Nsiah-Kumi Phyllis A, Ariza Adolfo J, Mikhail Laura M, Feinglass Joseph, Binns Helen J
Department of Internal Medicine, Section of General Internal Medicine, Northwestern University Feinberg School of Medicine, Chicago, IL, USA.
Acad Pediatr. 2009 Jan-Feb;9(1):53-9. doi: 10.1016/j.acap.2008.11.001.
The aims of this study were to examine factors related to 1) parental perception of health risks for overweight children and 2) parents' self-efficacy for influencing their children's dietary and physical activity behaviors, especially in relation to family history (FH) of diabetes and cardiovascular disease (CVD).
A consecutive sample of parents was surveyed at 7 primary care practices about FH, perceptions of childhood obesity-related health risks, health beliefs, and perceptions. Generalized estimated equation models clustering on practice were developed to examine associations with perceptions and self-efficacy.
Analyses included 386 parents of children aged 2 to 17 years. Sixty-seven percent had FH of CVD and 33% had FH of diabetes. Children were 57% white, 23% Hispanic, 12% African American, and 8% other race/ethnicity; 17% were overweight and 18% were obese. Parents whose child had FH of diabetes more often perceived higher risk of diabetes for overweight children than those with neither FH risk (adjusted odds ratio [OR] 1.4, 95% confidence interval [95% CI], 1.2-1.7), as did those with FH of CVD (adjusted OR 2.0, 95% CI, 1.6-2.5) and those with an obese child. Parents with less than college education or having African American and female children perceived risk less often. Parents had high self-efficacy for influencing their child if they had a strong belief in parental modeling and their child was aged <12 years.

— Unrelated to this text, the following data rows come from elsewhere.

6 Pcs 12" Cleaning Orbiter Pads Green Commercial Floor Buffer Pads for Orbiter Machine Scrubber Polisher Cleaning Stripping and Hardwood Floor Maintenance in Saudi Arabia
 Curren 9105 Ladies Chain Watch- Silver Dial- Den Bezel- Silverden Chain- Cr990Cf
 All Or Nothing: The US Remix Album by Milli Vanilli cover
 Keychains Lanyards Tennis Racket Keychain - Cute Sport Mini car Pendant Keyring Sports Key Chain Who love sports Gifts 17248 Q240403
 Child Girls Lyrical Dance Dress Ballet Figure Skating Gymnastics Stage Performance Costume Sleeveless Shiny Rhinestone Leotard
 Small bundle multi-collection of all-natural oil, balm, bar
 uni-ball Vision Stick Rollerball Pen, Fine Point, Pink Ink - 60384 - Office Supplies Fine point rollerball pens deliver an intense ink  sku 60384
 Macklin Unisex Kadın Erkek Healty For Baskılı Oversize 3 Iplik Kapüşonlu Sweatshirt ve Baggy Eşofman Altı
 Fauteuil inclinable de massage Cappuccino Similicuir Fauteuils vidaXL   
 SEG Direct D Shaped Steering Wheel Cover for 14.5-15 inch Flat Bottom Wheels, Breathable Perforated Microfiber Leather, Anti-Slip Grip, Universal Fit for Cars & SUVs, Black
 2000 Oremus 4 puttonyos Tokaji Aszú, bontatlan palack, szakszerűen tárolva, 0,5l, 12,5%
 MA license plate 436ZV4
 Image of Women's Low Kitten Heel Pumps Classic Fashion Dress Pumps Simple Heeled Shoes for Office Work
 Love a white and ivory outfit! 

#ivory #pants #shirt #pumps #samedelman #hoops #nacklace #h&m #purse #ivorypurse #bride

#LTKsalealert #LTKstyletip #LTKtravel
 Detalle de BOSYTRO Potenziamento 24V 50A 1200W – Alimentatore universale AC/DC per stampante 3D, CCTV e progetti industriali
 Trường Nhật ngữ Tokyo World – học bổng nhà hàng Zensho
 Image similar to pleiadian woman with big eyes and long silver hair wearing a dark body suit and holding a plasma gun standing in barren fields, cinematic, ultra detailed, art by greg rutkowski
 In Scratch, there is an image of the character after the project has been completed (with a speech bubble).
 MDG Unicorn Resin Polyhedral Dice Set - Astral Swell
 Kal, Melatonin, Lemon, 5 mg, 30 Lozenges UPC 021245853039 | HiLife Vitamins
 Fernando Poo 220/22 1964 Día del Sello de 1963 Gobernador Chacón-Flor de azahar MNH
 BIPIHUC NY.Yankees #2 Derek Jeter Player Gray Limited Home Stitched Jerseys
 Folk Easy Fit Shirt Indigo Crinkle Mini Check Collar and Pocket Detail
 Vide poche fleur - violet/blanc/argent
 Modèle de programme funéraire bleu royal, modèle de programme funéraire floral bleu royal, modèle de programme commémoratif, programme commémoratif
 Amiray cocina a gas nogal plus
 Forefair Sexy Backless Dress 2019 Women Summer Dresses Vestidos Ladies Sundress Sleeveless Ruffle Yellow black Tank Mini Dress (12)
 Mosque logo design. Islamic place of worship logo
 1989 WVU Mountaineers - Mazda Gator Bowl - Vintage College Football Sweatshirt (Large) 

Family history of diabetes and CVD and other factors are associated with parents' perceptions of health risks for overweight children. Strategies to use FH to motivate families with overweight children toward behavior change are needed.
本研究旨在探讨与以下两方面相关的因素:1)父母对超重儿童健康风险的认知;2)父母在影响其子女饮食和身体活动行为方面的自我效能感,特别是与糖尿病和心血管疾病(CVD)的家族史(FH)相关的因素。
在7家初级保健机构对连续抽样的父母进行了调查,内容包括家族史、对儿童肥胖相关健康风险的认知、健康信念和看法。建立了以机构为聚类变量的广义估计方程模型,以检验与认知和自我效能感的关联。
分析纳入了386名2至17岁儿童的父母。67%的父母有心血管疾病家族史,33%有糖尿病家族史。儿童中57%为白人,23%为西班牙裔,12%为非裔美国人,8%为其他种族/族裔;17%超重,18%肥胖。孩子有糖尿病家族史的父母比没有家族史风险的父母更常认为超重儿童患糖尿病的风险更高(调整后的优势比[OR]为1.4,95%置信区间[95%CI]为1.2 - 1.7),有心血管疾病家族史的父母也是如此(调整后的OR为2.0,95%CI为1.6 - 2.5),孩子肥胖的父母同样如此。受教育程度低于大学水平或孩子为非裔美国人及女孩的父母较少感知到风险。如果父母坚信自身榜样作用且孩子年龄小于12岁,他们在影响孩子方面具有较高的自我效能感。
糖尿病和心血管疾病家族史及其他因素与父母对超重儿童健康风险的认知相关。需要采取利用家族史来促使超重儿童家庭改变行为的策略。